Afinal, para o bem da população - que pode votar sem exigir diplomas de seus candidatos - passar em concurso – por mais que pensem o contrário muitos brasileiros - não é selo nem garantia de honestidade, nem de caráter, nem de sanidade mental, nem de compromisso com o bom senso, ou com o futuro, com a soberania, o desenvolvimento e a dignidade da Nação.

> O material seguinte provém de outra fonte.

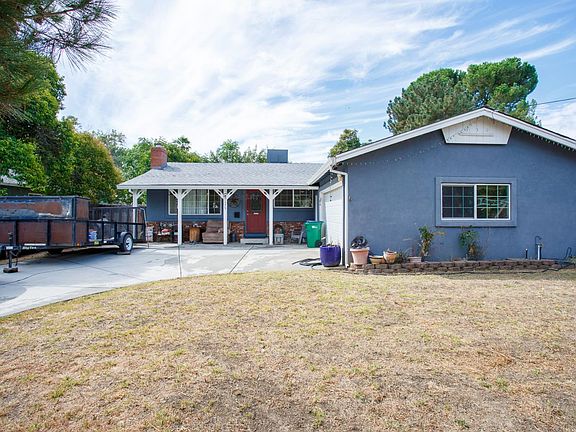 3rd image of 1575 Valerie Way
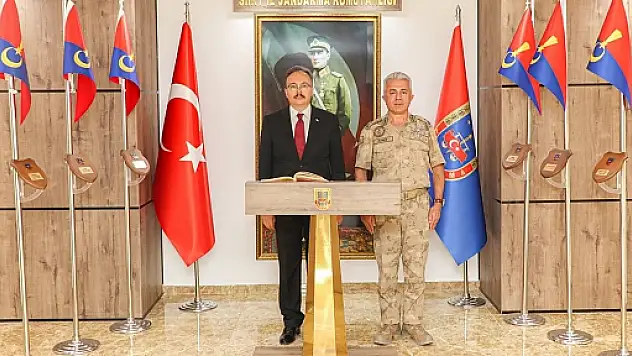 Vali Dr.Kemal Kızılkaya'dan İl Jandarma Komutanlığına Ziyaret
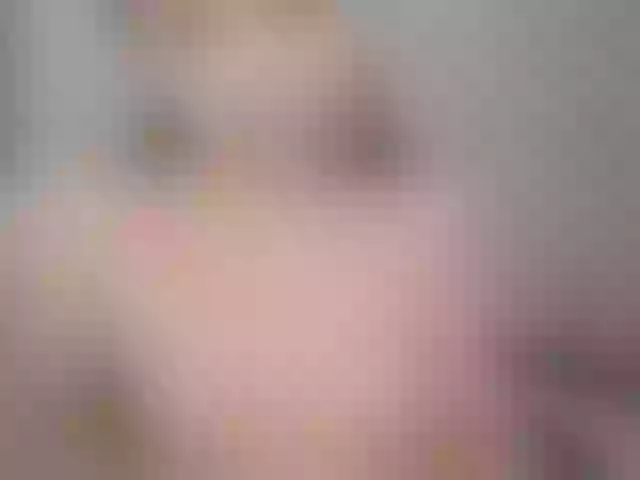 Live sex webcam photo for Emi-Emi #290832074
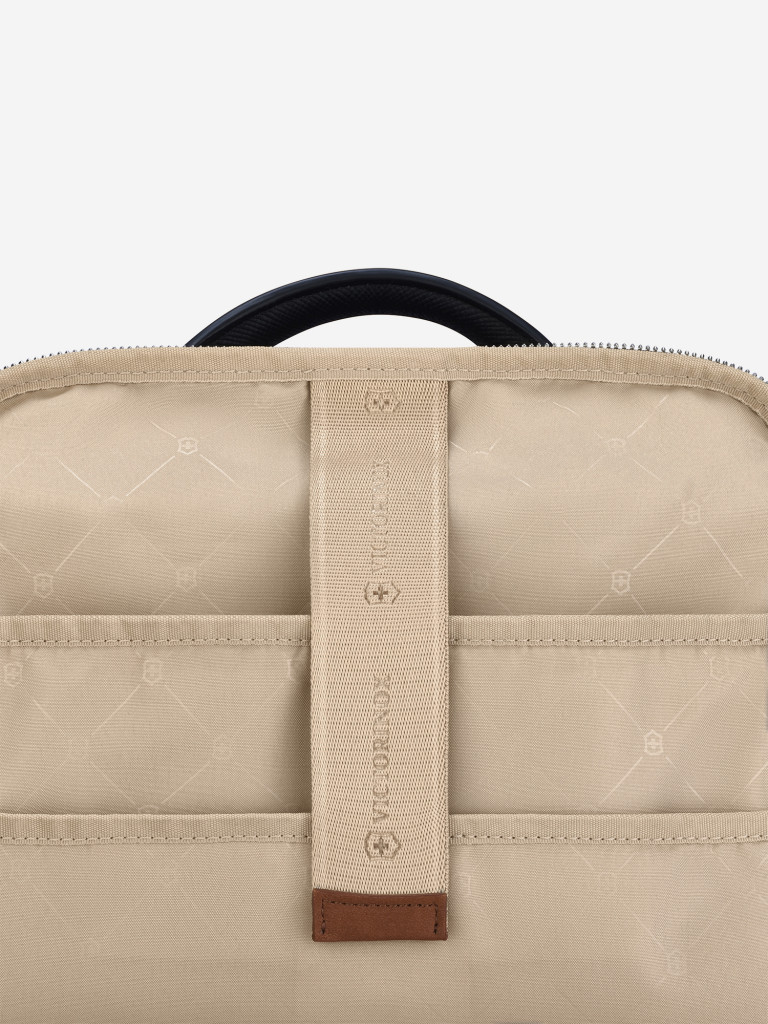 Рюкзак городской VICTORINOX Victoria Signature Deluxe Backpack с отделением для ноутбука 15”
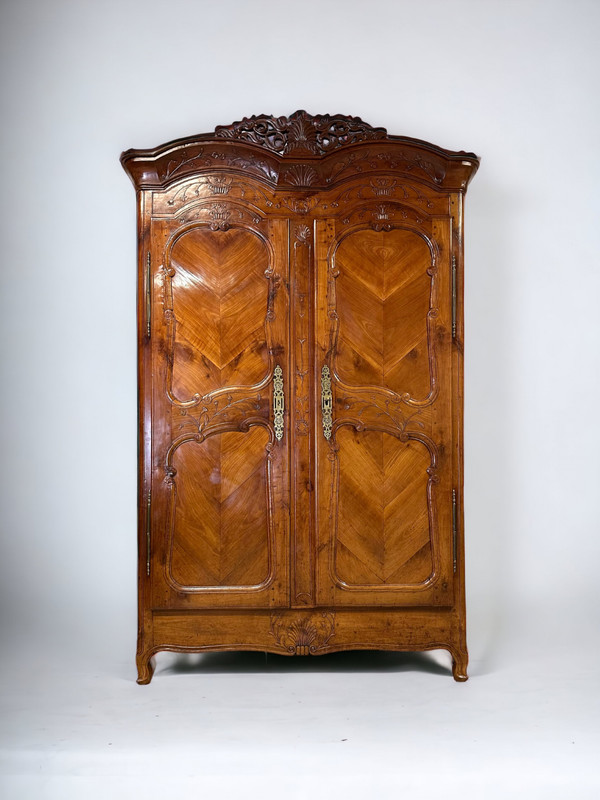 Louus XV cabinet in cherry wood 19th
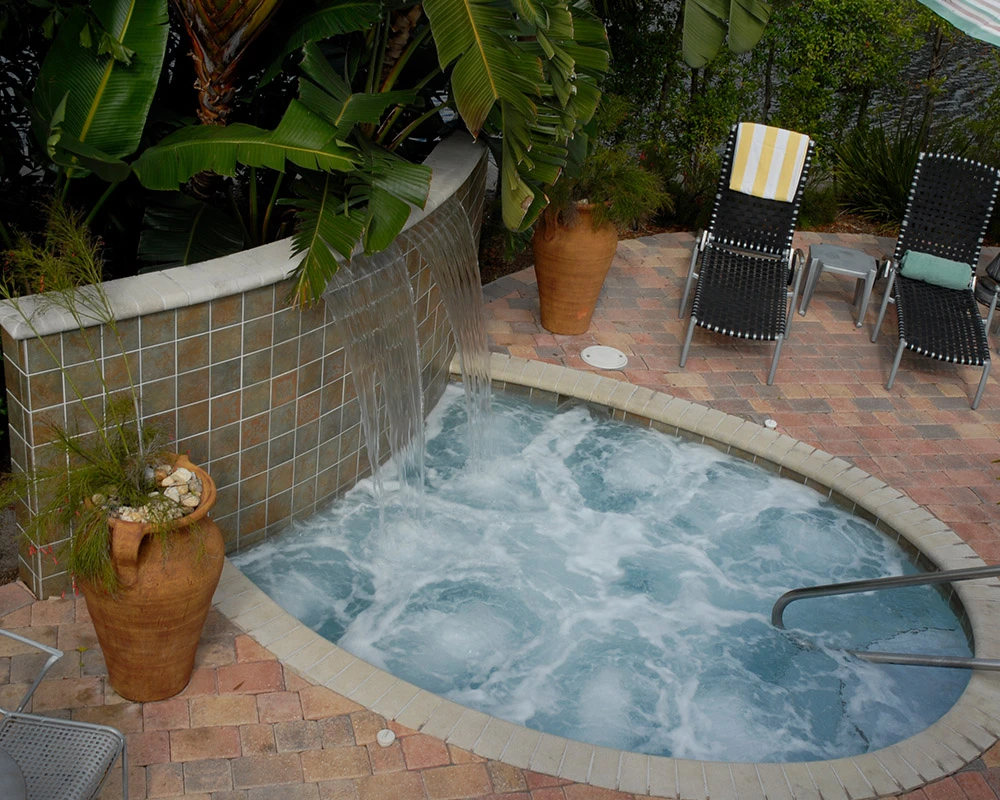 cabanas_0004_jacuzzi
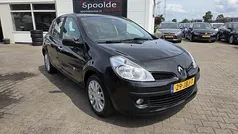 Zwart Gebruikt 2009 Renault Clio II Hatchback | € 2.699 (Eerlijke prijs)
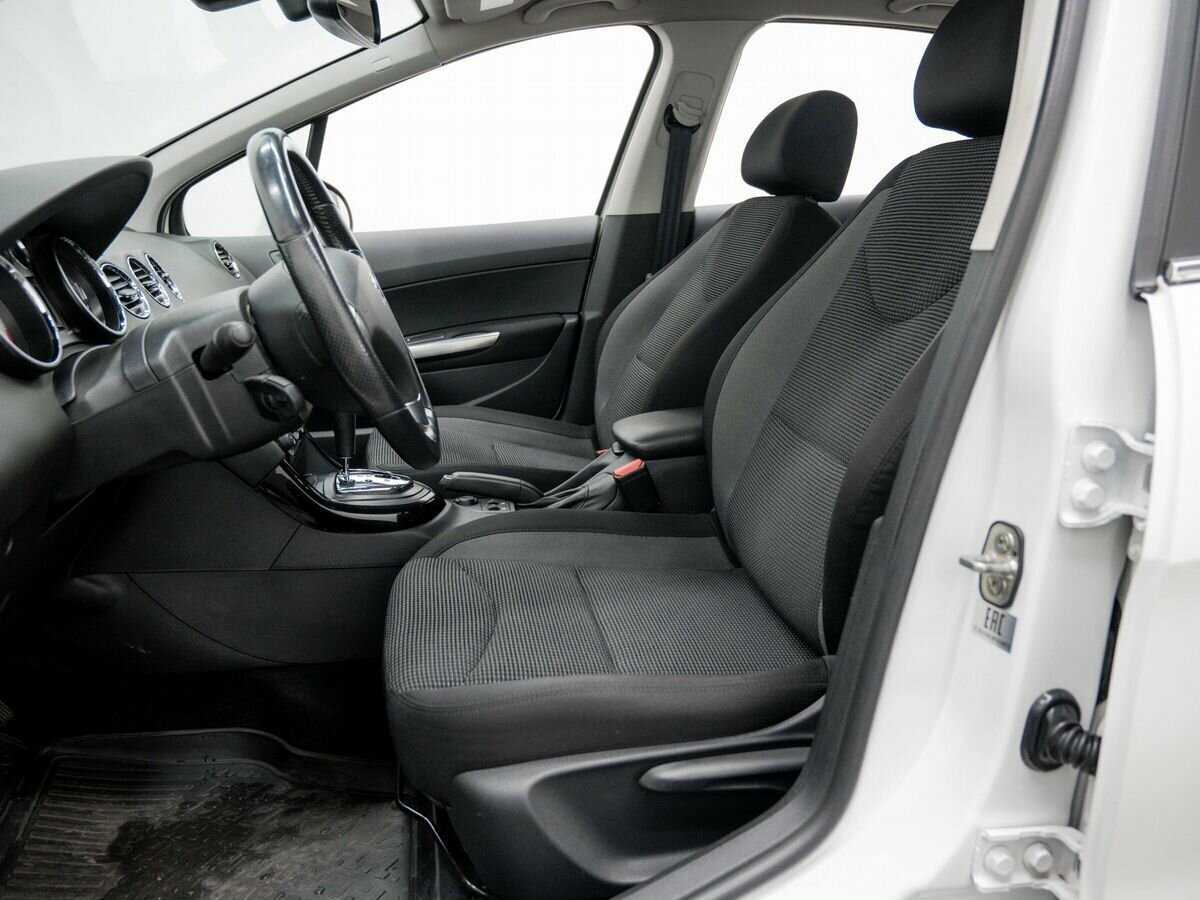 Peugeot 408, 2017 - Фото №13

Ou passou a ser isso tudo, e não fomos informados disso?

4 comentários:

Anônimo disse...

Não é necessário comentar mais uma excelente análise de um brilhante articulista.
Mas a propósito da mídia e do atual momento: enquanto pulula o diversionismo da mídia sobre contos da carochinha ou do Monteiro Lobato no Sítio do Picapau Amarelo, está sendo colocada uma cortina de fumaça sobre um fato gravíssimo que está pra acontecer: será votado em breve, em REGIME DE URGENCIA, o PLS 555/2015, de autoria do senador Tasso Jereissati, o qual determina privatizar todas as sociedades de economia mista e estatais federais, estaduais e municipais, transformando-as em SOCIEDADES ANONIMAS !!!!!! Ninguém está falando sobre isso !!!!! É gravíssimo, se aprovado, acabará com o Brasil. A esquerda brasileira permitirá que nos tornemos um sub-país?

Unknown disse...

No Paraná terra dos pinheirais, o Governador Richa quer privatizar a COPEL, unica empresa de energia elétrica estadual que dá lucro no Brasil, a SANEPAR responsável pelas águas do Paraná (basta ver o que acontece no Tio Sam, quanto desastrosa tem sido esta medida, o ensino, etc.
Se isto vier a ocorrer o que será das futuras gerações no Brasil...

Lucas Parente disse...

Parabéns. Mais uma vez análise muito lúcida da nossa situação.

Unknown disse...

Excelente análise. De fato, a tecnocracia brasileira está se tornando um fator de desestabilização da democracia.